Da die Vision für 2020 bereits fünf Jahre früher umgesetzt war, sei im vergangenen Jahr eine Vision 2025 entwickelt worden. „Wir wollen weitere Gästesegmente ansprechen“, sagt Bechtold. „Wir wollen etwas bauen für Landschulaufenthalte und in der Sommerzeit für Familien als Selbstversorger.“ Alle Entscheidungen, die getroffen würden, hätten zur Grundlage, den Pferdeberg in keinster Weise zu gefährden. „Die neuen Bauten werden nur aus Mitteln finanziert, die auch erwirtschaftet wurden“. Und auch das neue Camp müsse in der Lage sein, sich selbst zu finanzieren. Die kleine Feriensiedlung, die an der Stelle entsteht, an der früher der Streichelzoo angesiedelt war, umfasse ein Gesamtvolumen von 1,5 Millionen Euro. Der erste Spatenstich sei für Ende Februar oder Anfang März geplant.

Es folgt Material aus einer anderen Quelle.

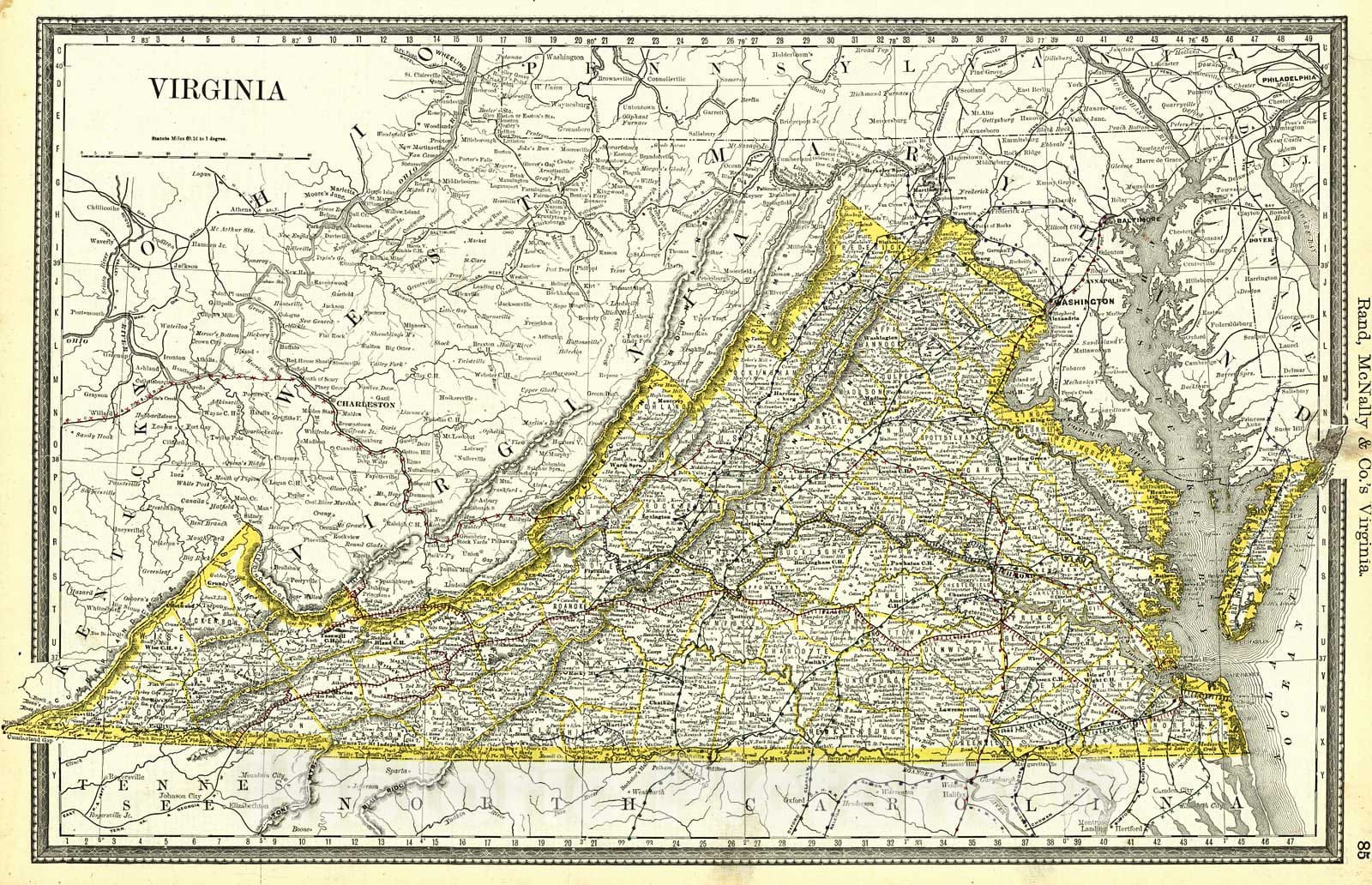 Historic Map : 1889 Virginia : Vintage Wall Art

Vier Häuser im Blockhüttenstil

Bauplan: Das Feriencamp besteht aus vier Häusern im Blockhüttenstil, die jeweils drei Appartments beinhalten. In jedem Appartment stehen zwei Schlafräume mit Platz für bis zu vier Betten zur Verfügung. Darüber hinaus sind die Appartments mit einer Pantryküche ausgestattet, so dass sich die Mieter selbst versorgen können. In einer ersten Phase sollen in diesem Jahr drei Module errichtet werden. „Das vierte Modul folgt, wenn die Finanzierung steht“, so Klaus Bechtold, Vorsitzender des Familienferienwerks. Im Außenbereich sollen am Wirtschaftsweg drei Busparkplätze, Versorgungsplätze für maximal fünf Wohnmobile sowie Ladestationen für Elektrofahrzeuge entstehen. Auf der gegenüberliegenden Seite sollen Parkplätze für Autos gebaut werden.